Но если Делез мало затрагивал политическую доктрину Спинозы, то его последователь Антонио Негри, в своей книге «Дикая Аномалия. Философия власти Спинозы»,[11] предложил толкование Спинозы как революционного политического философа и предшественника марксизма. Негри синтезирует делезианскую и марксистскую линии в рецепции Спинозы. Спиноза не просто «открывает» революционную учредительную власть, он показывает, что она имеет как экономическую, так и политическую природу. То есть potentiaесть не что иное как производительные силы общества, например производительные силы голландского капитализма. И эти же производительные силы становятся, в революционной ситуации, учредительной властью, позволяющей учредить реально демократическое государство. В таком государстве власть будет выражать не просто абстрактных индивидов, а будет властью конкретных производителей. Негри, как мыслителю с анархистским прошлым, импонирует конечно «мягкий», основанный на взаимной выгоде, характер государства у Спинозы. Он особенно подчеркивает, что у Спинозы «множество», multitudo, приходит к власти как таковое и не перековывается в единство.

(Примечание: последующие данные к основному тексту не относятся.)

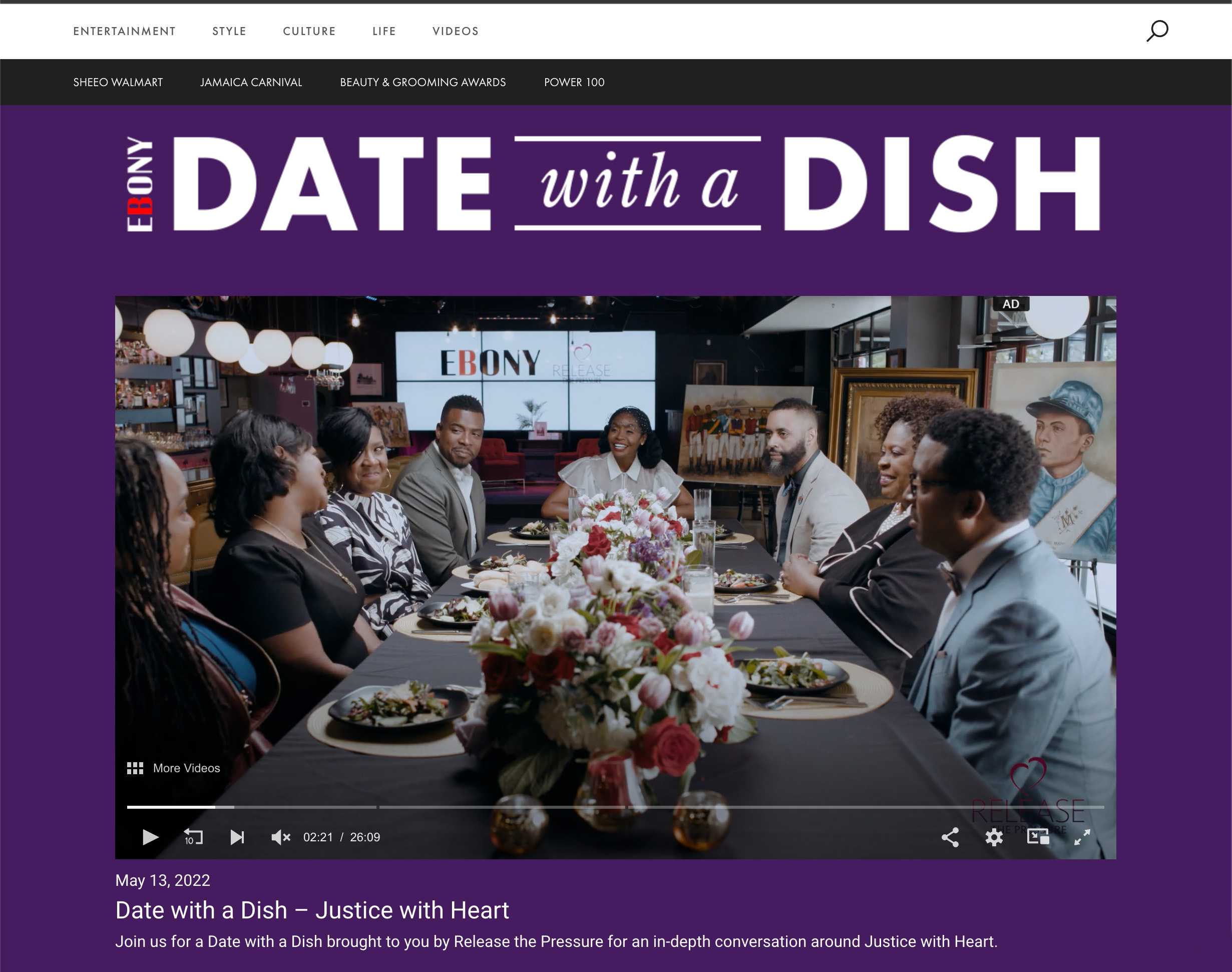 Date with Dish webpage with a purple background and a video of people sitting at a table together.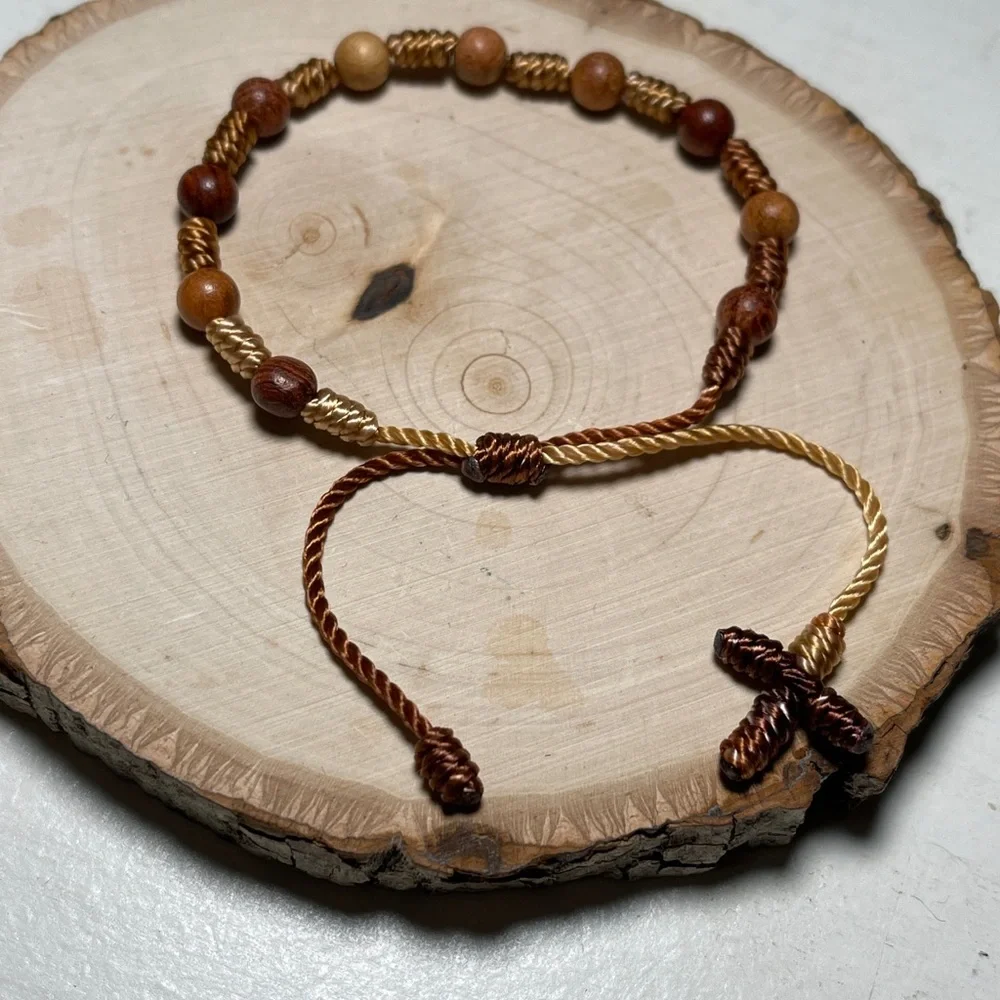 Brown wooden beaded rosary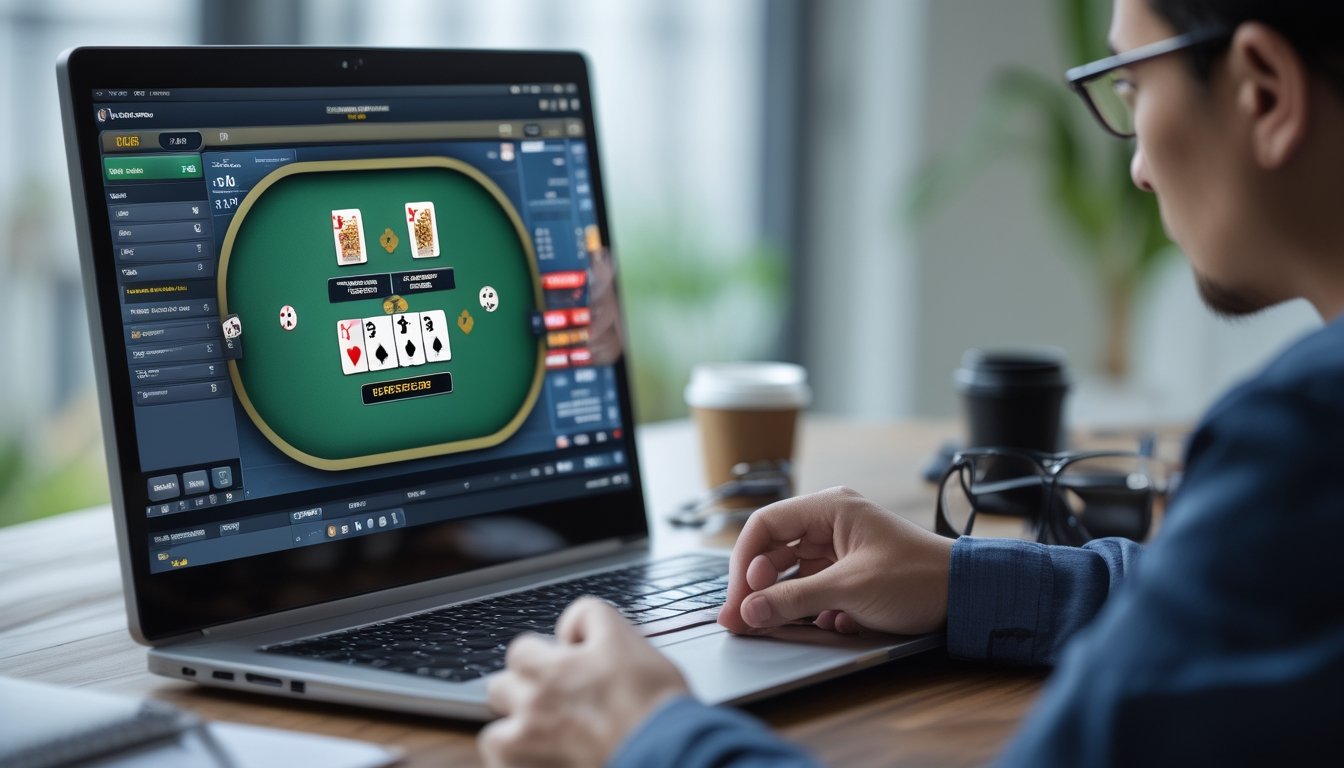 Seseorang sedang fokus mengamati permainan poker online di layar komputer dengan chip dan kartu poker digital terlihat jelas.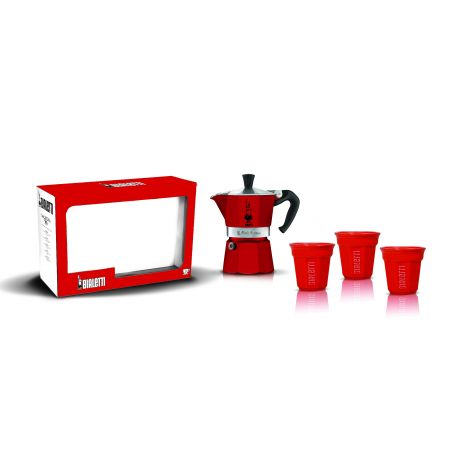 Poklon set Bialetti mocha express 3 porcije + 3 šalice, crveni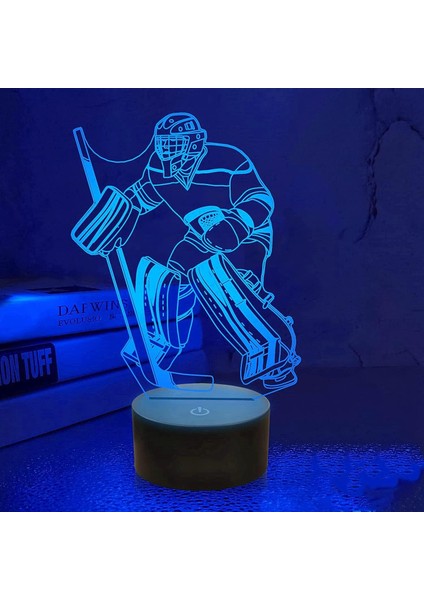 3D Buz Hokeyi Oyuncusu Gece Işığı Lambası Illusion Gece Lambası 7 Renk Değiştirme Dokunmatik Anahtar Masa Masası Dekorasyon Lambaları Hediye Akrilik Düz Abs Taban USB Kablosu Oyunc (Yurt Dışından) modelleri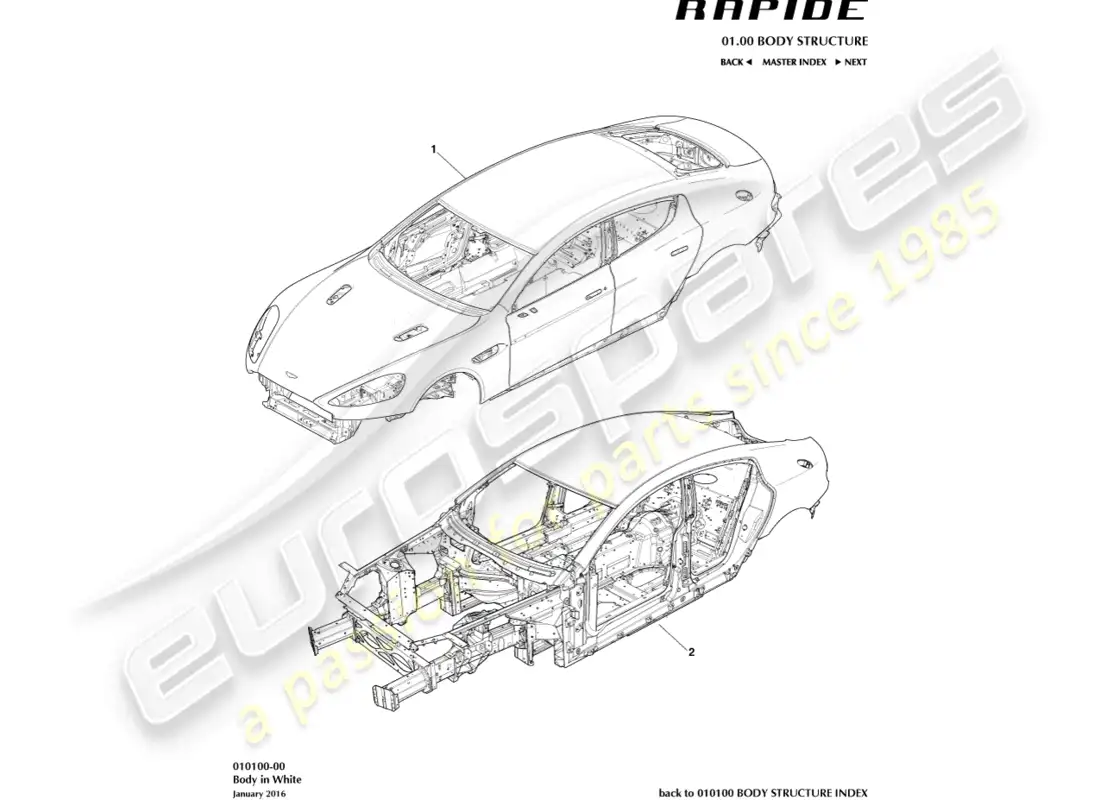 aston martin rapide (2011) cuerpo en blanco diagrama de piezas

Негри в то же время не видит, что у Спинозы этот «анархизм» носит выраженно буржуазный характер. Голландия де Виттов – это республика крупных капиталистов и они, конечно, объединяются в государство как объединились бы в корпорацию. Но собственно «множества» как раз убивают в революционный момент де Виттов и поддерживают монарха – Вильгельма III Оранского. Кроме того, Негри сильно преувеличивает «левизну» Спинозы. При всей своей неортодоксальности, Спиноза, как и Гоббс, считает, что главной добродетелью государства является безопасность (а никак не совместное творчество масс[12]. Цель собирания множеств (multitudo) в государство – это «управление» ими и «сдерживание их в определенных границах»[13]. Но в целом сегодняшний интерес к политическим трудам Спинозы более чем оправдан: великий мыслитель замечает революционную мощь, которая лежит в основании современного государства и которая не сводится к простому хаосу «естественного состояния». Но вопрос, как сохранить эту мощь, чтобы государство не распалось на следующий день после революции – вопрос о формах политической памяти – этот вопрос остается. Для Спинозы он решается постоянной «подпиткой», обновлением мощи Богом – то есть, выражаясь мирским языком, перманентной революцией. Но как этот процесс постоянного обновления может происходить реально – остается непроясненным.


[1]Спиноза, «Политический трактат», в: Сочинения (СПб: Наука, 1999), сс. 247-330.

[2]«Политический трактат», 3,2, с. 260.

[3]«Политический трактат», 5, 7, с. 271.

[4]«Политический трактат», 2.8, с. 254.

[5]«Политический трактат», 2, 16, с. 257.

[6]«Политический трактат», 3,1, с. 259.

[7]«Политический трактат», 10, 3, с. 298.

[8]«Политический трактат», 11.1, с 328, ср. также с. 298, 8.3.

[9]«Политический трактат», 11, 1, с. 329.

[10]«Богословско-политический трактат», Сочинения, т.2, с. 14.

[11] Antonio Negri, The Savage Anomaly: The Power of Spinoza’s Metaphysics and Politics, trans. Michael Hardt (Minneapolis, University of Minnesota Press, 1991).

[12] «Политический трактат», 1, 6, с. 251.

[13]«Политический трактат», 1,3, с. 250.